### Problem description:
An exact copy of the lines from the top of the data through the line with "Black Pointe Bay" is what you should give, with no pictures in it.

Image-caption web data
[Start of section]
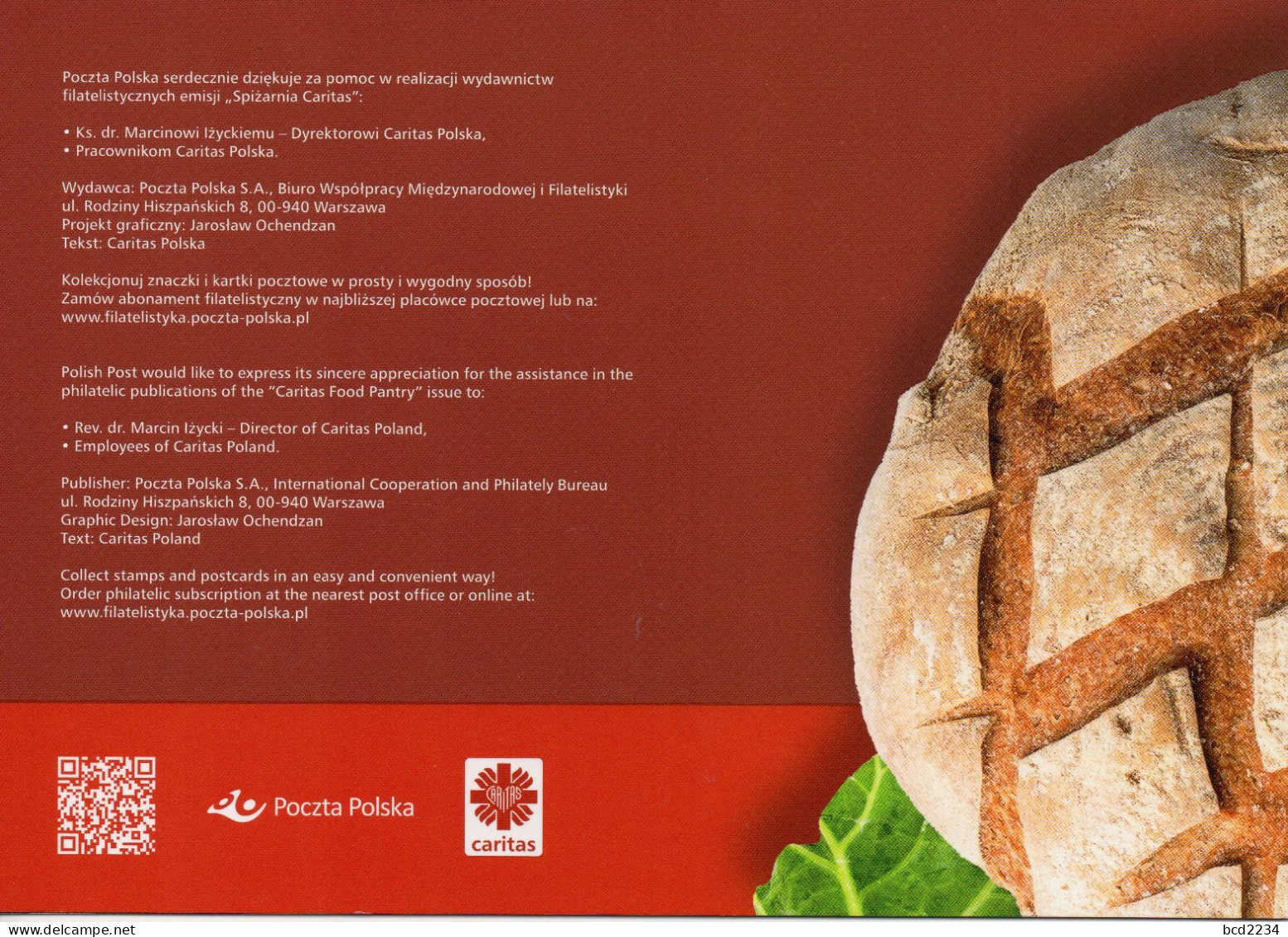 POLAND 2023 POST LIMITED EDITION PHILATELIC FOLDER: CARITAS FOOD PANTRY CHARITY DON'T WASTE FOOD CHANGE YOUR WAYS - Cartas & Documentos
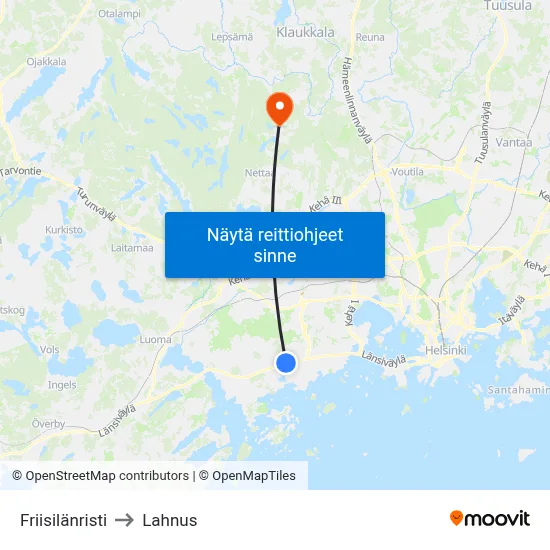 Friisilänristi to Lahnus map
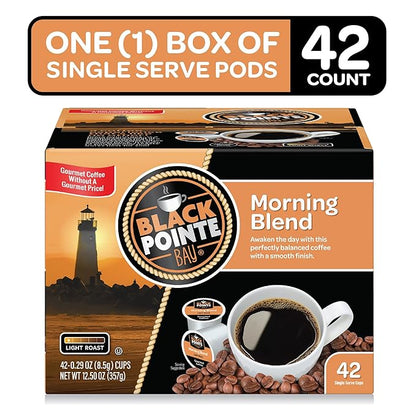 Black Pointe Bay Coffee, Morning Blend, Light Roast, 42 Count Single Serve Coffee Pods for Keurig K-Cup Brewers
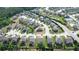 Overhead view of a residential area featuring various houses, lawns, and a community pond and pool at 4071 Woodward Walk Ln, Suwanee, GA 30024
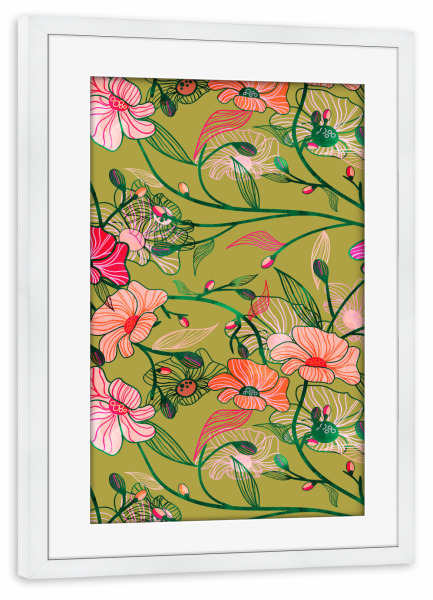 Poster mit Rahmen weiß "Twinning" artboxONE - Floral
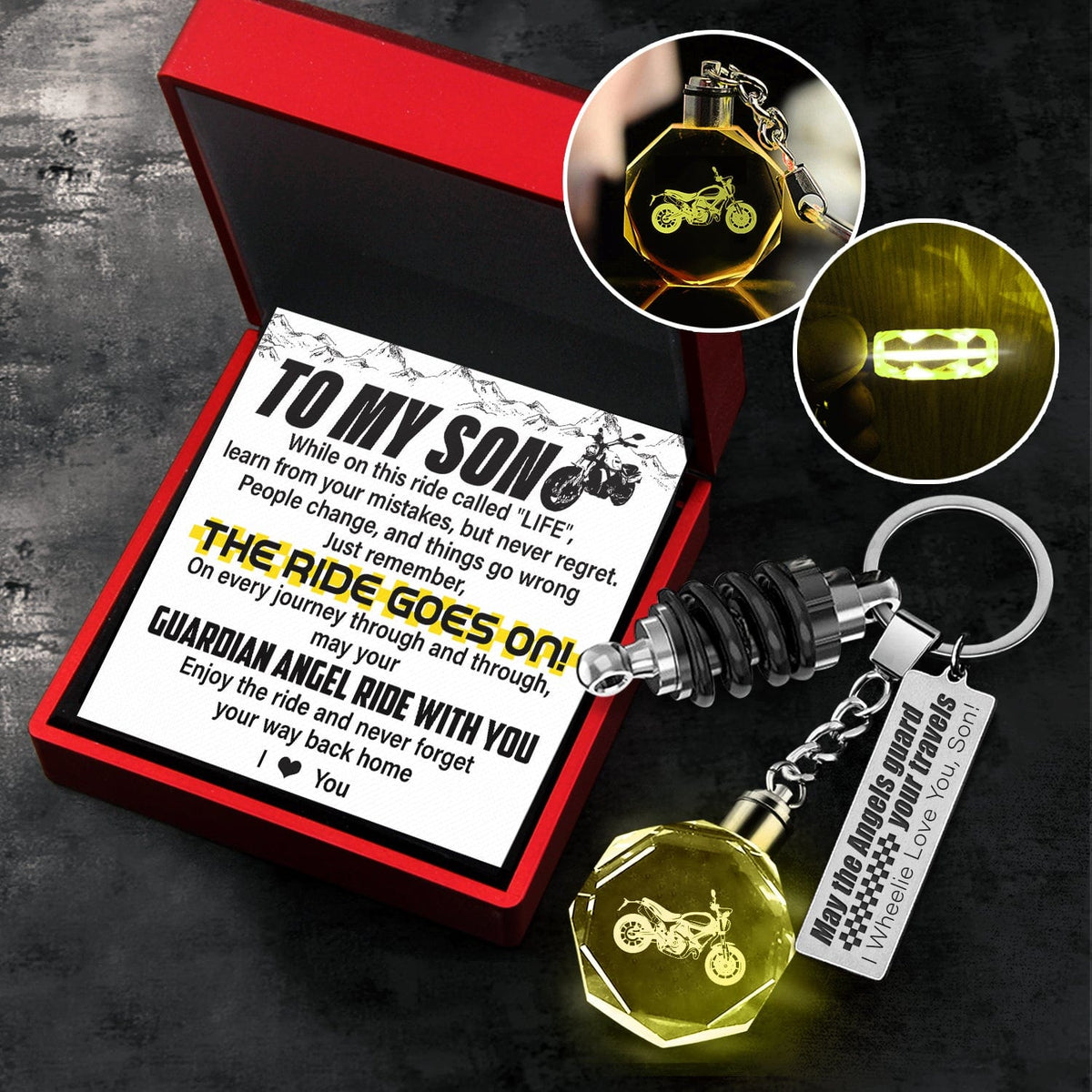 Led Light Scrambler Keychain - Biker - To My Son - I Love You - Gkwi16001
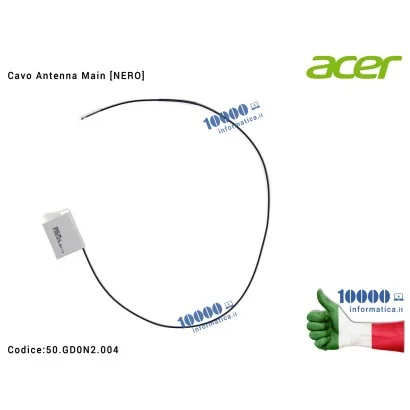 50.GD0N2.004 Cavo Antenna Wi-Fi WLAN Main (NERO) ACER Extensa 2540 Aspire ES1-523 ES1-524 ES1-532G ES1-533 ES1-572 PACKARD BE...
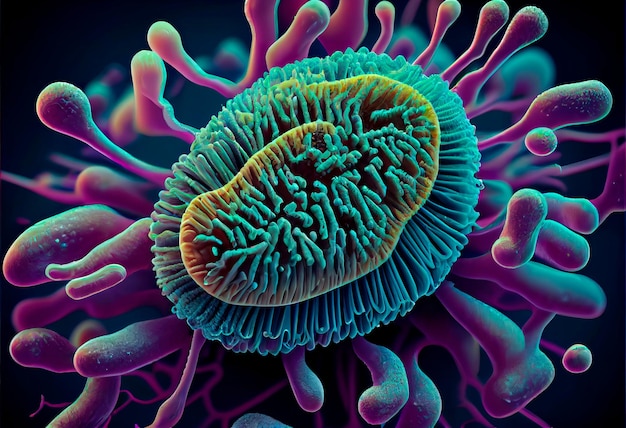 Bactéria sob um microscópio mostrando seus detalhes e estrutura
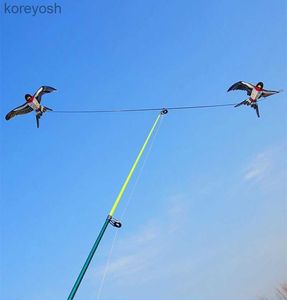 Kite Accessories free shipping pole swallow kite mini kites flying for adults kite line 3d kite pocket kite for kids fishing rod dynamic wingsL231118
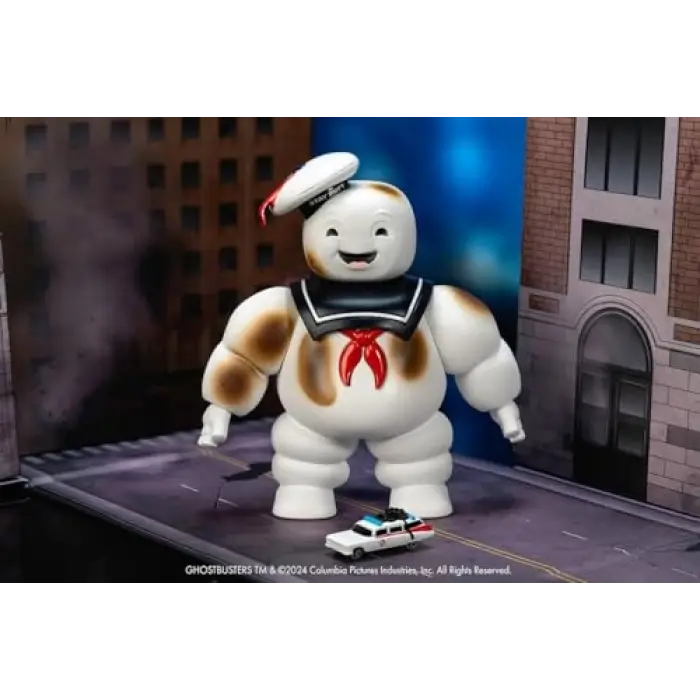 Nano Scene Stay Puft Marshmallow Man Figür, 15 cm, Ecto-1 Araç ile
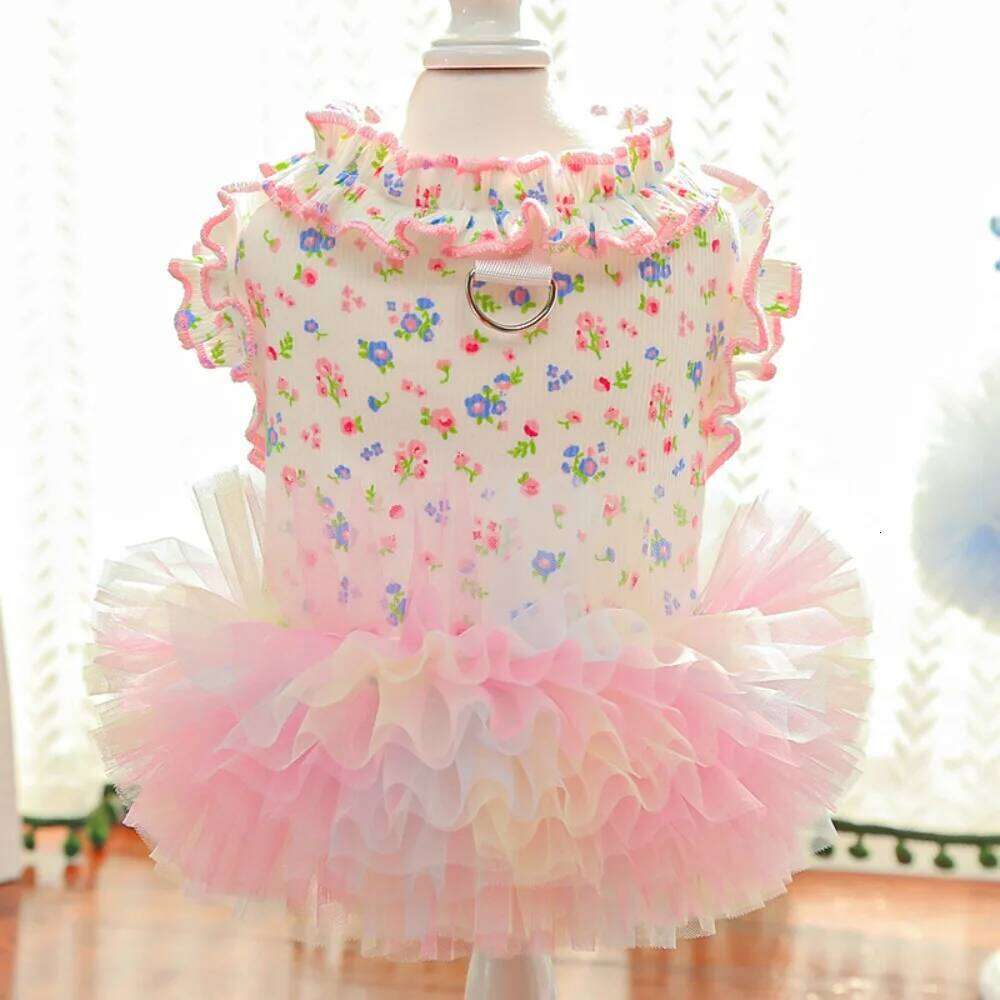 Puppy Floral Vest Summer Pet Princess Dress for Small Medium-sized Dogs and Cats Soft Home Clothes Cake Skirt H260130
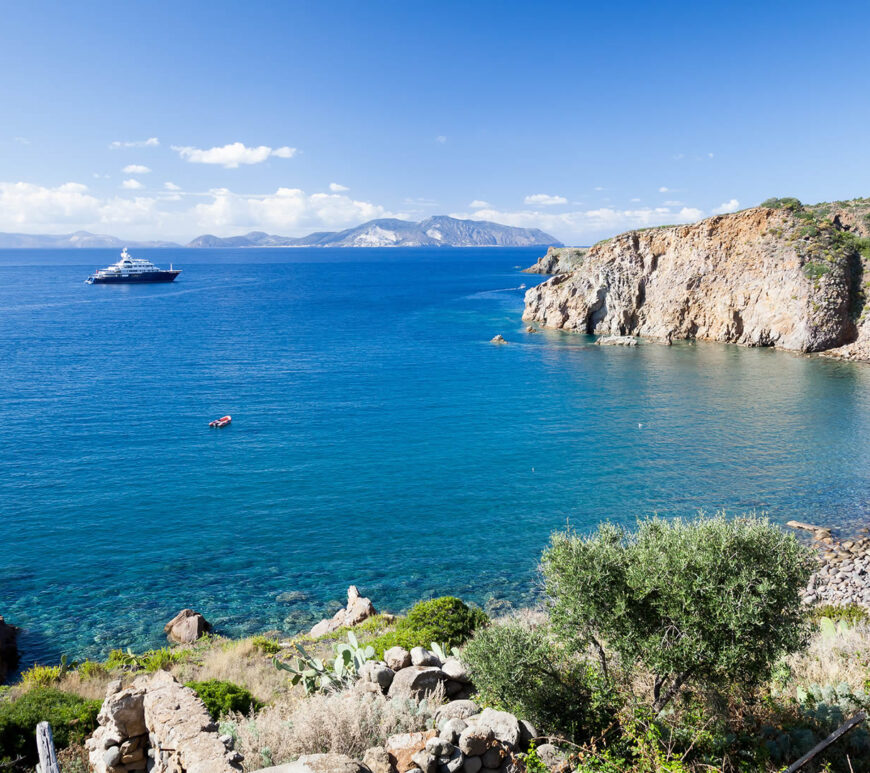 veduta dall'alto dell'isola di vulcano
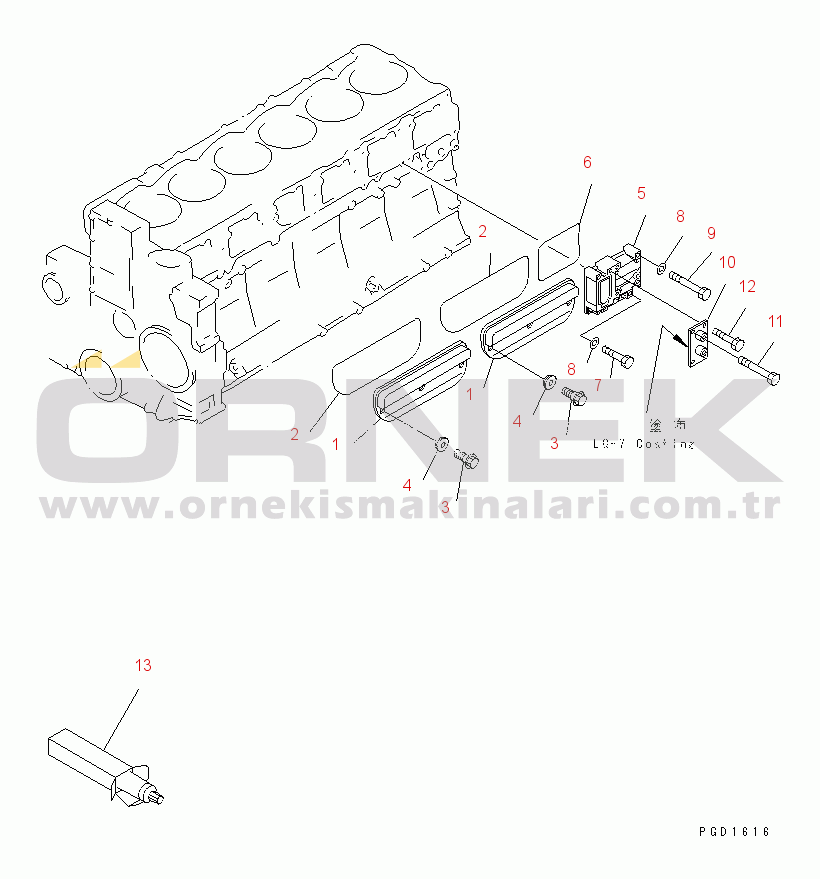 Komatsu SA6D140-1LL S/N 10001-UP CAMFOLLOWER COVER(#10001-10020)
[End of section]
### Result of this exercise:
 POLAND 2023 POST LIMITED EDITION PHILATELIC FOLDER: CARITAS FOOD PANTRY CHARITY DON'T WASTE FOOD CHANGE YOUR WAYS - Cartas & Documentos
 Friisilänristi to Lahnus map
 Black Pointe Bay Coffee, Morning Blend, Light Roast, 42 Count Single Serve Coffee Pods for Keurig K-Cup Brewers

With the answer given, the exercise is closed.